Truth of the matter is that you always know the right thing to do. The hard part is doing it.
The biggest reason to hire veterans is because it is the right thing to do.
There is an array of resources available to help companies connect their civilian career openings with veterans. Truth be told, that is one of the biggest obstacles -- there are so many resources that employers can become overwhelmed when determining where to go, whom to talk to, and whether resources are trustworthy. Rather than conduct a search for possible connections, and then wonder if the agency is trustworthy, employers can educate their own hiring staff and leadership from the start to increase their numbers. The average time for companies to fail (not meet their hiring targets) in creating their own programs through solely philanthropic means without education is approximately 9 months. Don't be a part of the statistic.
Education services focus on the clients' most critical issues and opportunities within the veteran programs; whether your program is new or trying to improve what is already in place. You can only create a hiring program if you understand the talent that you are bringing in. In helping to break down the stereotypes and common misconceptions that the civilian workforce has about the branches of service, you can increase your veteran populace and show the community that you are making the valiant effort.
The following are the steps to create a veteran-friendly hiring environment:
- Educate your Senior Leadership on Veteran backgrounds/Hiring
- Dedicate a team of veteran recruiters through education
- Train your recruiting staff/sales staff
- Market your company to veterans
- Hire and retain your veterans
- Educate your employees to create an Employee Resource Group
What Every Company Needs to Be Educated On For Hiring
- Veteran skills translation: Our veterans bring an astonishing collection of skills to any position. Commendably understanding how these skills can translate to your job categories is a vital step towards effectively hiring veterans in your workplace.
- Veteran education: Who has a Bachelors, Masters, or PhD? What is the CCAF?

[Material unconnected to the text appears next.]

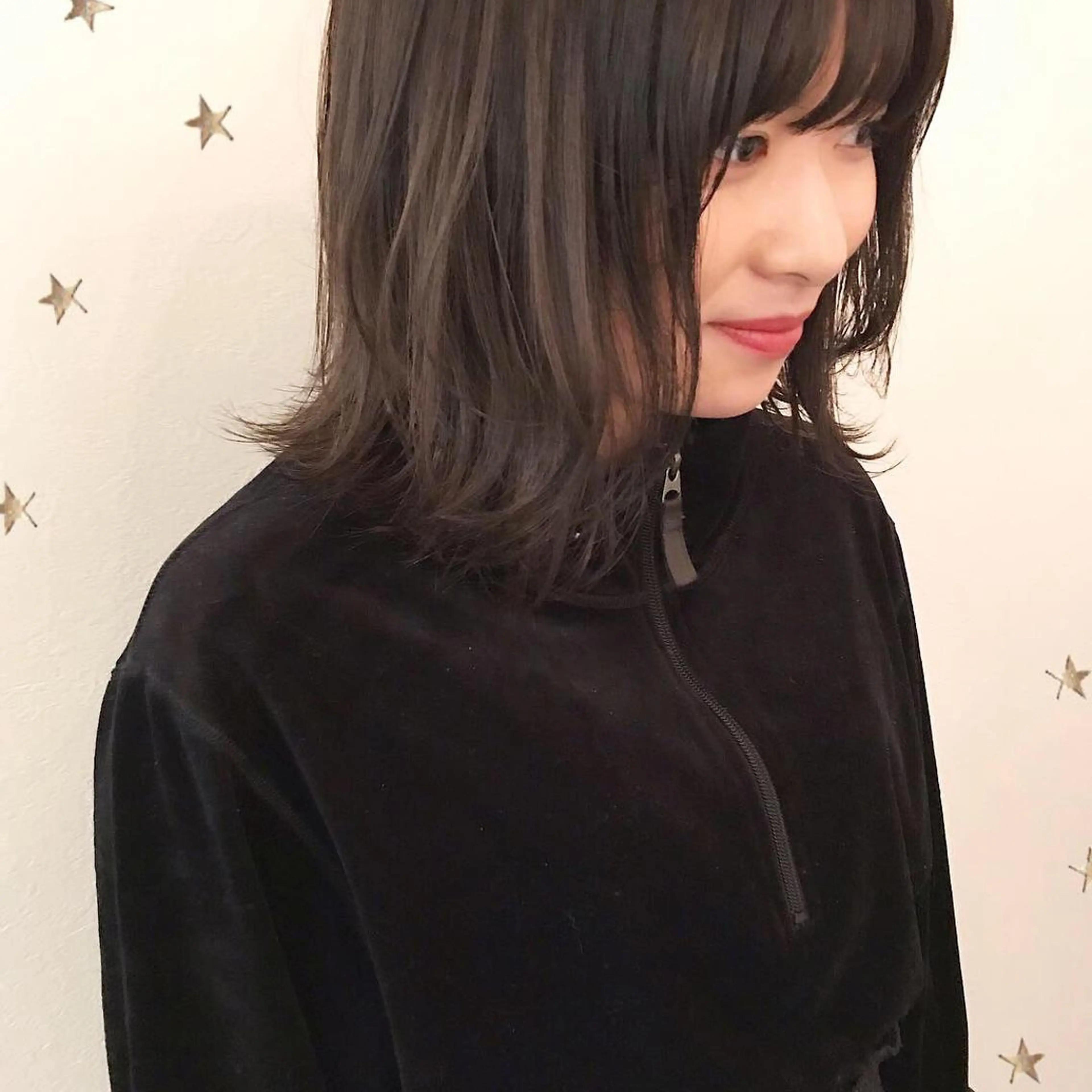 ミディアム カラー 市川 千夏のヘアスタイル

- Veteran roles: A veteran can be placed into ANY Role in your Organization. Positions do not need to be created FOR veterans
- How to understand a veteran's background: Every branch of the service is different, and every rank is commiserate with a grade in the military
- How to market to veterans: Where do veterans look for positions? Why would a veteran want to work for your company?

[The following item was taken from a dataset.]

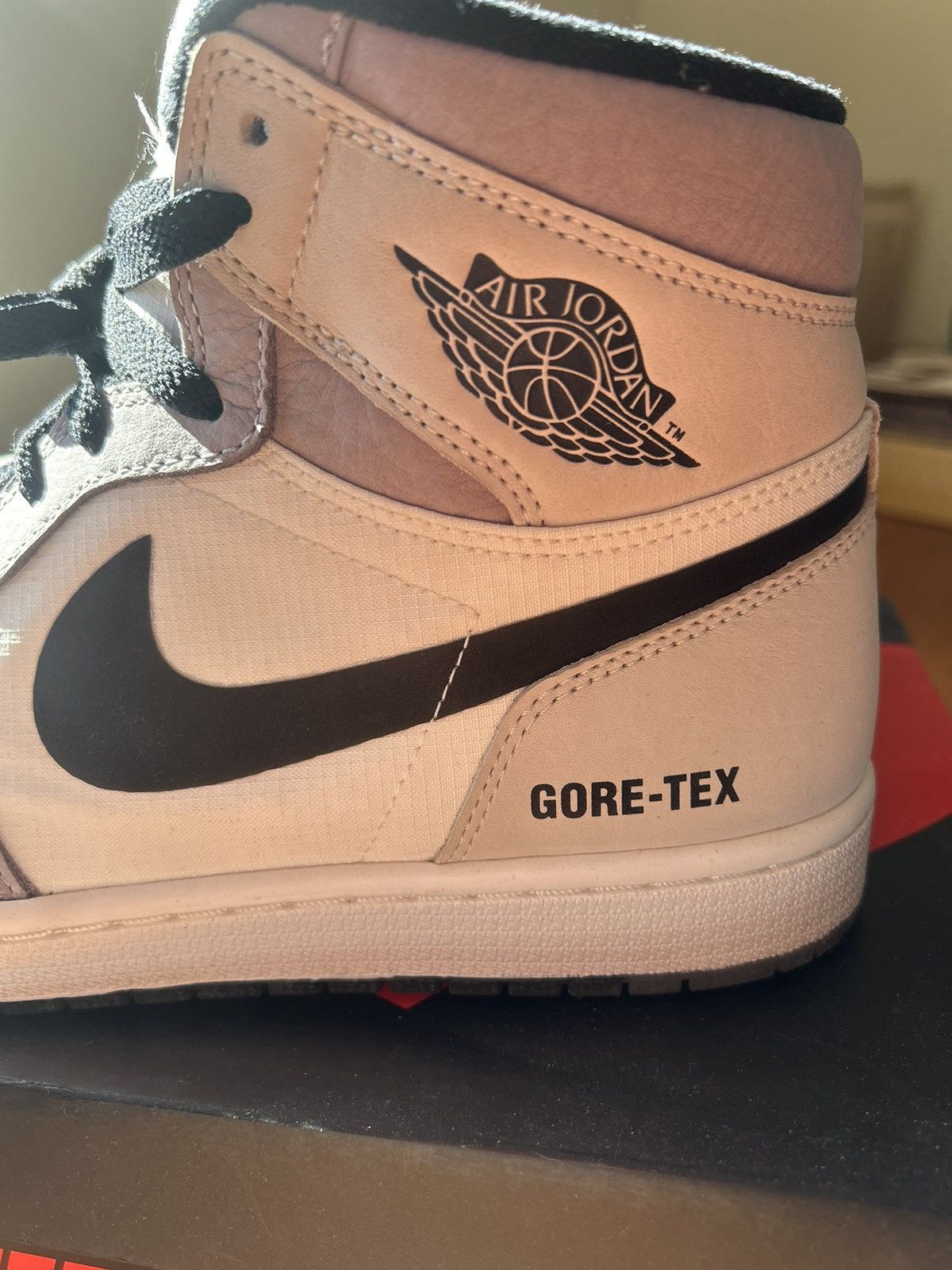 image of Goretex x Nike Retro 1 Gore-Tex Shoes in White, Men's (Size 10)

- How to properly onboard a veteran: What is the proper process to ensure a veteran is brought in to your organization in a proper fashion
- How to retain veterans: What can you do retain your veteran once you hire one?
- Military culture and values: Being in the military is a way of life. Today, less than 1 percent of our nation's population is currently serving. The full Veterans community today is about 8 percent of the US population, and when you include military families, that's a total of 20 percent of our population
- What each branch of the service is responsible for: Army, Air Force, Coast Guard, Navy, Marine Corps
- The different branches of service: Active, Reserve, National Guard—what makes a veteran?
- The different ranks and grades: What separates an enlisted from an officer? How do you recognize the rank and grade associated?
- How to recognize varying job titles and positions: What is an Airman, Commander or a Platoon Leader?
- How to educate recruiters on unfamiliar terms: Deployment, DD214, MOS, NCO, JMO
What Veterans Bring to the Table
- Attention to detail: Forgetting details can lead to more than financial burden, veterans are accustom to detail pertaining to saving lives
- Leadership traits: Second to none
- Performance/balance under pressure: When the going gets tough, veterans become tougher and no corporate role can match that
- Accustom to/welcome diversity: Veterans are groomed to work well with all walks of life -- stateside or overseas
- Integrity: Veterans are trained to do the right thing, even when not being watched
- Process oriented: When it comes to rules and regulations, a veteran is trained to execute with precision
- Proactive: You never have to ask a veteran twice
- Creative thinking: Veterans may be disciplined, but thinking outside the box under pressure is mission-critical
- Professionalism: Customs & courtesies tied with etiquette are skills that will not go unnoticed in a well-trained veteran
- OFCCP Audit: There are benchmarks for hiring veterans that your company must meet when dealing with the Federal Government, and more companies are involved than one may think. Failing to meet these standards can lead to monetary penalties, public scrutiny and possible program cessation in extreme scenarios.
- The Returning Heroes Tax Credit: Tax credit that will provide an incentive for businesses to hire unemployed veterans.
- Short-term unemployed: A new credit of 40 percent of the first $6,000 of wages (up to $2,400) for employers who hire veterans who have been unemployed at least 4 weeks.
- Long-term unemployed: A new credit of 40 percent of the first $14,000 of wages (up to $5,600) for employers who hire veterans who have been unemployed longer than 6 months.
- The Wounded Warrior Tax Credit: This tax credit will double the existing tax credit for long-term unemployed veterans with service-connected disabilities.
- Maintain the existing Work Opportunity Tax Credit for veterans with service-connected disabilities (currently the maximum is $4,800).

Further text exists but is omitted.